Brief ::
What is needed is every line from the one holding "Hotop 300 Pieces" to the last line of the data below, printed exactly and without pictures.

Stored data ::
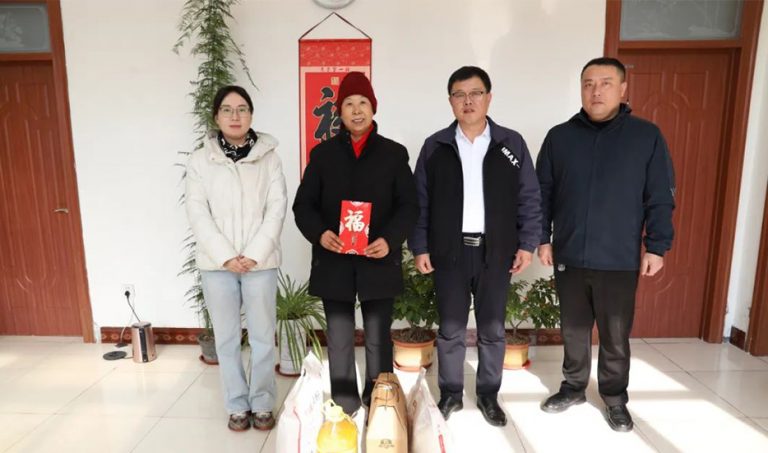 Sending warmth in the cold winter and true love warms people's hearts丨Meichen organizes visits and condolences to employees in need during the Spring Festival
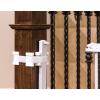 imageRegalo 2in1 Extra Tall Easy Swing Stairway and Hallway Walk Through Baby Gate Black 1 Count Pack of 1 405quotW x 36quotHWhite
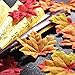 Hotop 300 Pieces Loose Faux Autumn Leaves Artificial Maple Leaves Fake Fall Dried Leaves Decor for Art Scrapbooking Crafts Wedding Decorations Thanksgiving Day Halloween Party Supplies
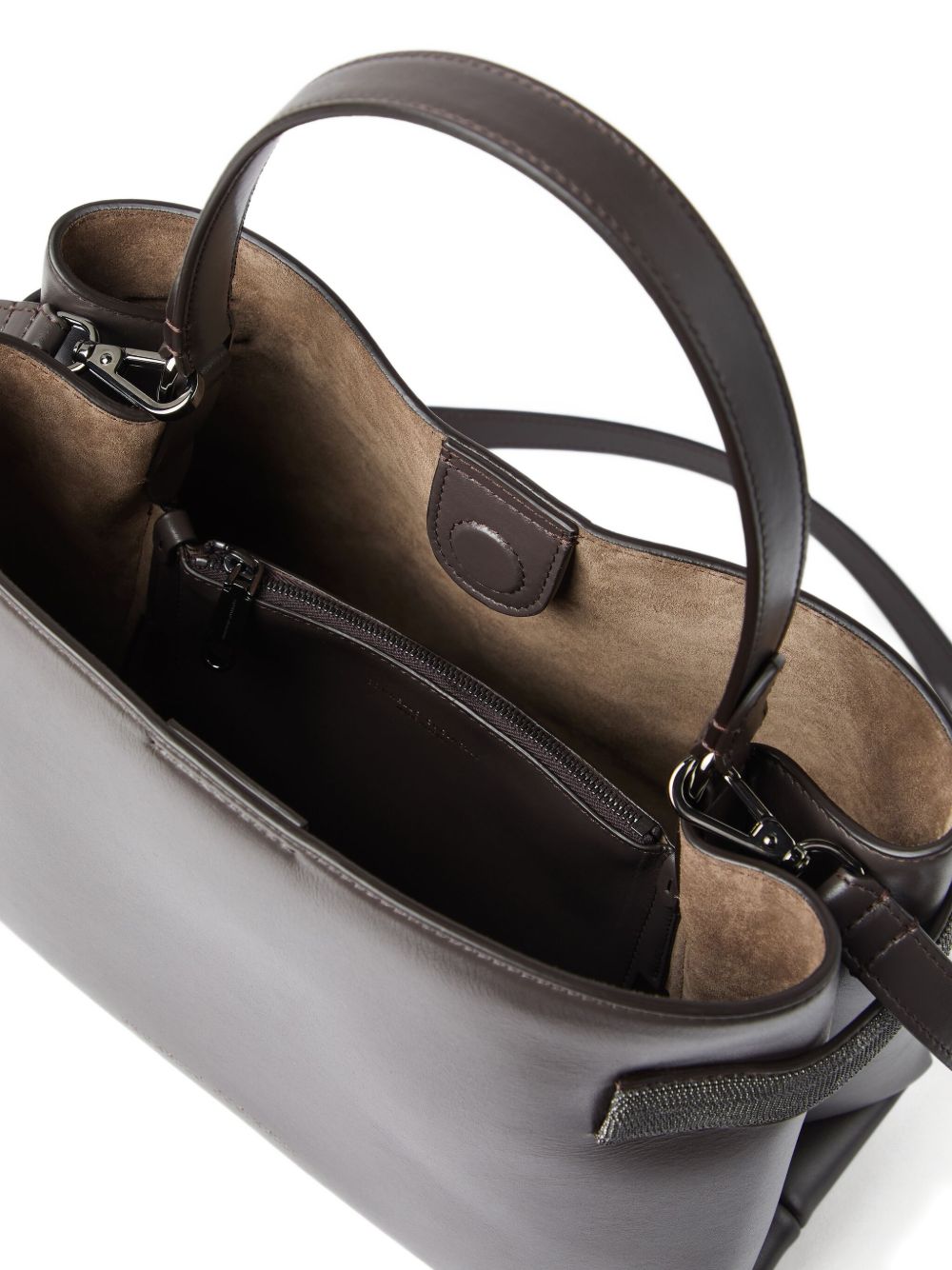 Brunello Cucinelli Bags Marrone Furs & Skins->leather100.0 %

Problem solution ::
 Hotop 300 Pieces Loose Faux Autumn Leaves Artificial Maple Leaves Fake Fall Dried Leaves Decor for Art Scrapbooking Crafts Wedding Decorations Thanksgiving Day Halloween Party Supplies
 Brunello Cucinelli Bags Marrone Furs & Skins->leather100.0 %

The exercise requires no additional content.